A Coordenadoria Especial de Diversidade Sexual da prefeitura do Rio de Janeiro comemorou hoje (24) o Dia Nacional do Orgulho LGBT (Lésbicas, Gays, Bissexuais, Travestis, Transexuais e Transgêneros),.  Durante o evento, o chefe da ccoordenadoria, Nélio Giorgini, destacou que celebrar a data é exaltar a diversidade

"Serve para reforçar a diversidade, essa brasilidade que só o nosso país tem. Além, é claro, da representatividade de sabermos que temos um dia nosso. Ações como essa são importantes. E convocamos militantes, secretários municipais e a imprensa para prestar conta do que temos feito. No carnaval, entregamos kits de conscientização e proteção sexual, como camisinhas, e reforçamos a nossa cultura através das marchinhas de engrandecimento ao público LGBT”, disse.

Gioargini informou que a coordemadoria está conversando com empresários para viabilizar a realização de uma feira de empregabilidade LGBT. "É extremamente necessário que isso seja feito, pois a gente ainda enfrenta muita resistência no mercado de trabalho. São ações como essas que iniciam a mudança para um futuro melhor da população LGBT", afirmou.

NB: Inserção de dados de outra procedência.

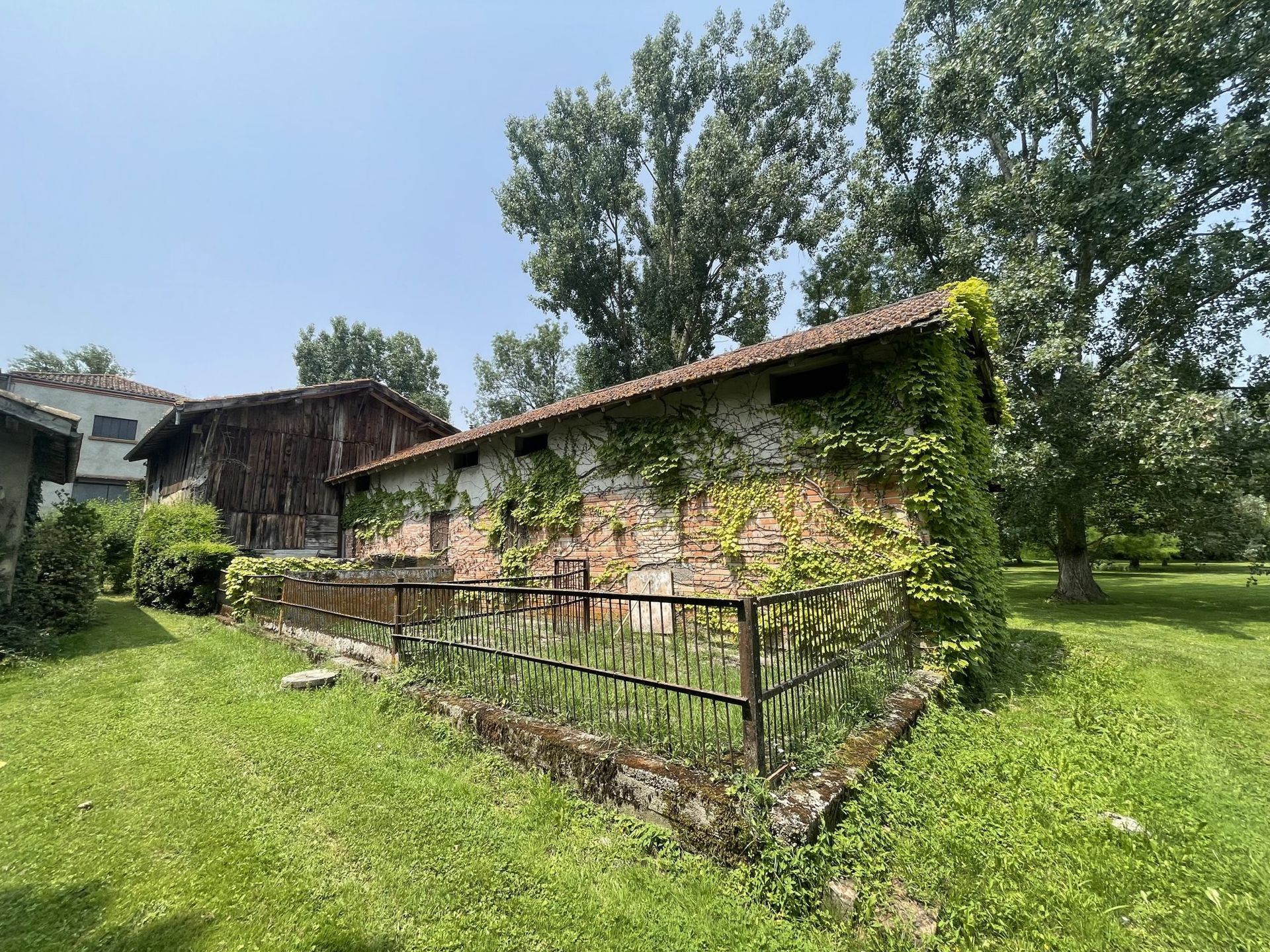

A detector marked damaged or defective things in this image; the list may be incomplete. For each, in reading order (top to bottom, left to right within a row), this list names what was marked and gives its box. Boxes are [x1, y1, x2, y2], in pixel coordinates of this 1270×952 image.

rusty metal fence [238, 566, 910, 772]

A subsecretária municipal de Transportes, Kelly Serra, que  representou o prefeito Marcelo Crivella, disse que o governo não é um governo religioso, mas que cuida das pessoas. Segundo Kelly, a prefeitura sempre estará prestando todo apoio à causa da diversidade.

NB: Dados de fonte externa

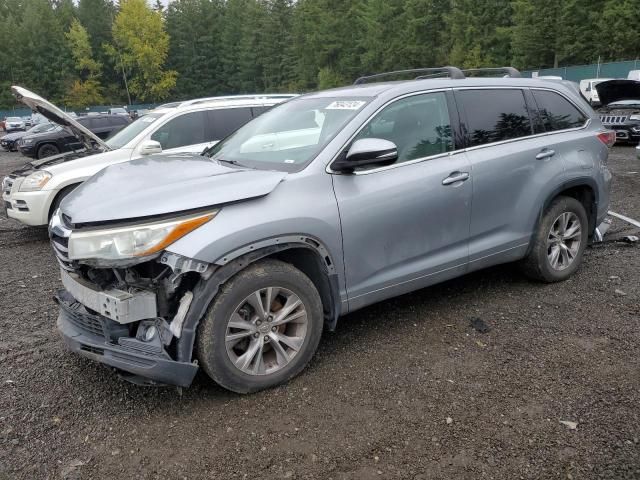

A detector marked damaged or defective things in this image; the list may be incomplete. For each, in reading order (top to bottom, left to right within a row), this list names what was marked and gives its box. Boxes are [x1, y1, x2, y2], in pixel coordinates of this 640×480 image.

crumpled hood [592, 79, 640, 106]
crumpled hood [10, 85, 110, 151]
exposed headlight [18, 170, 51, 190]
crumpled hood [62, 154, 288, 225]
exposed headlight [68, 211, 218, 260]
broken headlight housing [68, 211, 218, 260]
damaged front bumper [56, 288, 199, 386] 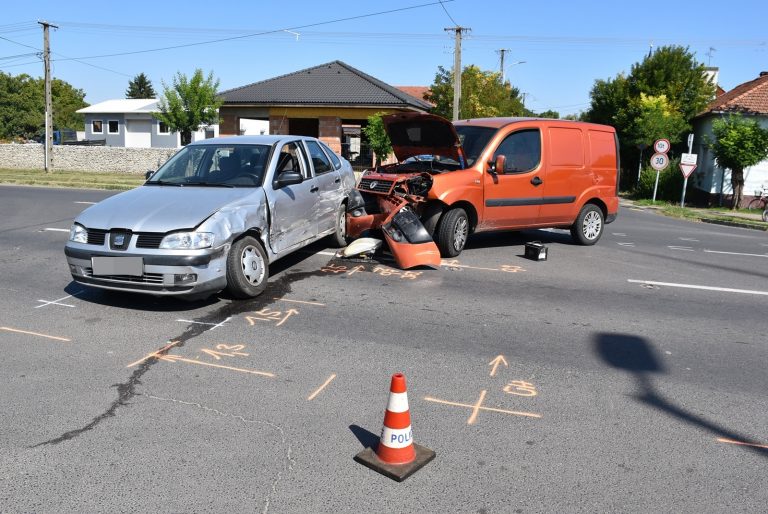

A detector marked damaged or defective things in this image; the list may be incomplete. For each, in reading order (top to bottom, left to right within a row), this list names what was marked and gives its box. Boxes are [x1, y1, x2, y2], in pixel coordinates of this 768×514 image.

crumpled hood [382, 111, 462, 162]
crumpled hood [74, 184, 262, 232] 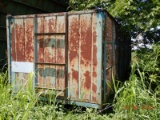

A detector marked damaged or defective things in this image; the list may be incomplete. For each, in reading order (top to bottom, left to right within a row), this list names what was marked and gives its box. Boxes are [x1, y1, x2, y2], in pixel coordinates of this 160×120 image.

rusted metal door [34, 13, 67, 97]
rusty metal container [6, 9, 131, 108] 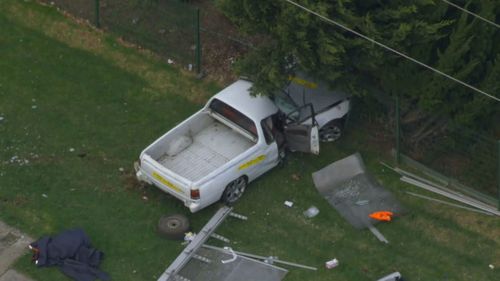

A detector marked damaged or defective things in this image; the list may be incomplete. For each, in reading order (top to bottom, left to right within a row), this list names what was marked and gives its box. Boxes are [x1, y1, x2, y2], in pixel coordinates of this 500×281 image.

detached tyre [159, 213, 190, 240]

"As pessoas não podem ser qualificadas pelo seu gênero. Cuidamos de todos como um todo. Observamos também o caso da doutora Maria Eduarda, que teve o reconhecimento de seu nome social pela Ordem dos Advogados do Brasil [OAB] concedido nos últimos dias. Essa é uma vitória dela e de todos nós, pois o respeito tem que prevalecer", disse a subsecretária de Transportes.

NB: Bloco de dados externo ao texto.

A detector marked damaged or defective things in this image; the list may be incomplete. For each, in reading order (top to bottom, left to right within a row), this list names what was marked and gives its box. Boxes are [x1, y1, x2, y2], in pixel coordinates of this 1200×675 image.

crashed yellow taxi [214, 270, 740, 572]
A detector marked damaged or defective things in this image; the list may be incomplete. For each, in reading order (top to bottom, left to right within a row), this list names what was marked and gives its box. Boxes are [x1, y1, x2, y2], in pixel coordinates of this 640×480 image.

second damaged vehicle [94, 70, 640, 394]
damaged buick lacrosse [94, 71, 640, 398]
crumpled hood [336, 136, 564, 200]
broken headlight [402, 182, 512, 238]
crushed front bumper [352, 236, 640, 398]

Exemplo para outras pessoas

A advogada Maria Eduarda Aguiar, citada pela subsecretária, relatou que era constrangedor ter o reconhecimento apenas de seu nome civil, pois não correspondia a identidade dela. Maria Eduarda também classificou de grande vitória o reconhecimento de seu direito pela OAB e pediu para que o exemplo sirva para outras pessoas. "A OAB é muito representativa, então, a partir do momento em que ela toma a ponta desse tipo de atitude, ela legitima e dá um recado para a sociedade."

O vice-presidente da Comissão de Direitos Homoafetivos da OAB-RJ, Henrique Rabello de Carvalho, classificou de histórica a conquista da advogada. "É um marco histórico na efetivação da defesa da diversidade sexual, sobretudo, porque a OAB parte de maneira pioneira na promoção disso. Respeitar a identidade de gênero e a diversidade sexual é uma necessidade e não uma opção.”